The process basically involves users lending their coins to create or grow the liquidity pool on a DeFi (decentralized finance) platform, which is then used to lend crypto to others who wish to trade or use it.

The platforms usually pay interest to lenders who deposit their crypto in the liquidity pool. The interest can be paid in the form of tokens or special tokens called LP tokens.

For example, you can start with the Pure Oxygen coin. The platform allows you to lend your Pure Oxygen coins to earn interest.

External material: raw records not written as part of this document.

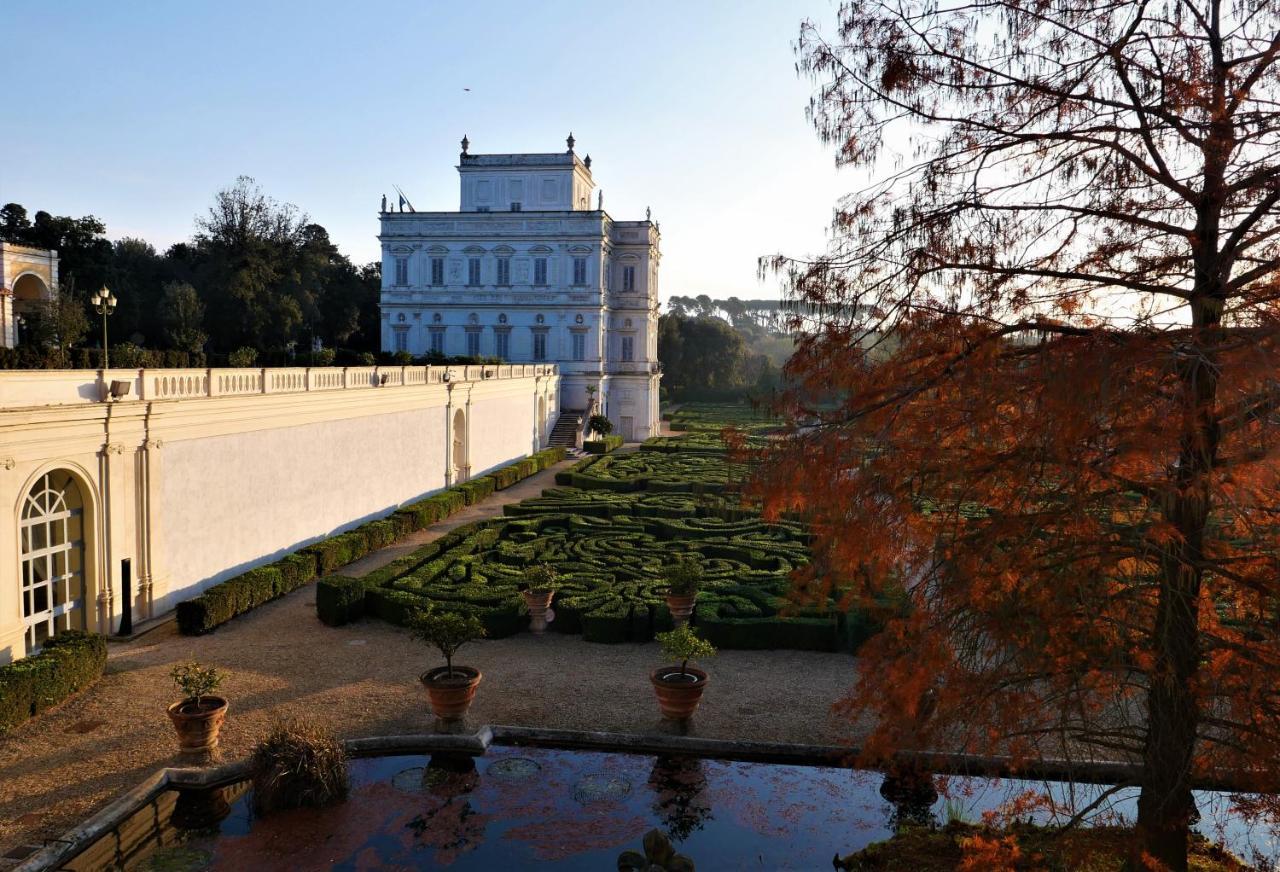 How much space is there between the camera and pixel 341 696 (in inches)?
450

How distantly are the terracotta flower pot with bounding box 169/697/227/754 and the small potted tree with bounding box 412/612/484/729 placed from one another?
7.27ft

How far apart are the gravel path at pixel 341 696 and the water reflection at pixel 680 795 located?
693 millimetres

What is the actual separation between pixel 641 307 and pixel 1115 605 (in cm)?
4560

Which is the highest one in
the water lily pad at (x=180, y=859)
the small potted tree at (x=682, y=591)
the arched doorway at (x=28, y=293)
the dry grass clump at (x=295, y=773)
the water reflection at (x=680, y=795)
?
the arched doorway at (x=28, y=293)

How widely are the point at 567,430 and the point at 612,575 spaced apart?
26707 millimetres

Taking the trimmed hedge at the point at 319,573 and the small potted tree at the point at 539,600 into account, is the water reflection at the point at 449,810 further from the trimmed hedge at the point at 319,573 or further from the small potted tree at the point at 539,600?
the trimmed hedge at the point at 319,573

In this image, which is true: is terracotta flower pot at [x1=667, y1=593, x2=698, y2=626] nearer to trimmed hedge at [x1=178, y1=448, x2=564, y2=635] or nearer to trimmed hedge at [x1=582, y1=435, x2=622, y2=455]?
trimmed hedge at [x1=178, y1=448, x2=564, y2=635]

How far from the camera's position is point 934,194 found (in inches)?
231

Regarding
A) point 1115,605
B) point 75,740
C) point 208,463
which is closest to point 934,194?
point 1115,605

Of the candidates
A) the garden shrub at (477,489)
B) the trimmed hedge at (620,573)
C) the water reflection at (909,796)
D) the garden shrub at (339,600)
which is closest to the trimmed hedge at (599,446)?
the garden shrub at (477,489)

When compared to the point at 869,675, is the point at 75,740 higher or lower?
lower

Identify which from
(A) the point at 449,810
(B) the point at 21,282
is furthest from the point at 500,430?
(B) the point at 21,282

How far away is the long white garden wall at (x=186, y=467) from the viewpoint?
39.2ft

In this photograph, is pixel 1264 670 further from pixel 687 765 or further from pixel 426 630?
pixel 426 630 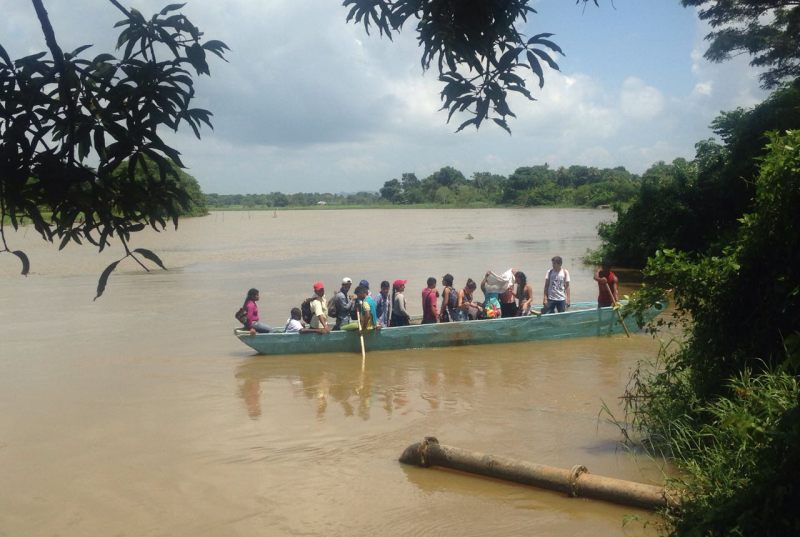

The same will be used to create a liquidity pool for crypto traders. You can stake your coins as well as participate in yield farming of Pure Oxygen coins for maximum benefits.

What is Staking?
Staking is a method of validating transactions on a blockchain that uses the Proof of Stake (PoS) mechanism. Unlike Proof of Work, the PoS mechanism allows people to stake their tokens to set up nodes and validate transactions. This method is much more efficient in terms of energy consumption and set-up cost.

Staking doesn’t require you to invest in a costly hardware setup like mining. All you need to have is tokens that you can stake (lock in the contract), which allows you to act as a validator to validate the upcoming transactions in the network and earn the verification fee as your reward.

Staking Vs Yield Farming: What to do?
Yield farming allows you to grow both the number and value of your crypto. You earn interest on crypto, which gets you more tokens, plus your contribution to the liquidity pool enables many others to trade the token, thereby increasing its value over time.

Staking also lets you earn money from your crypto. You can easily earn an annual interest in the range of 7% to 12% through staking depending on which tokens you hold.

Another benefit of staking is that it allows you to contribute to saving the environment by not participating in the mining of cryptocurrencies, which is a more energy-intensive and costly process of generating new cryptocurrencies.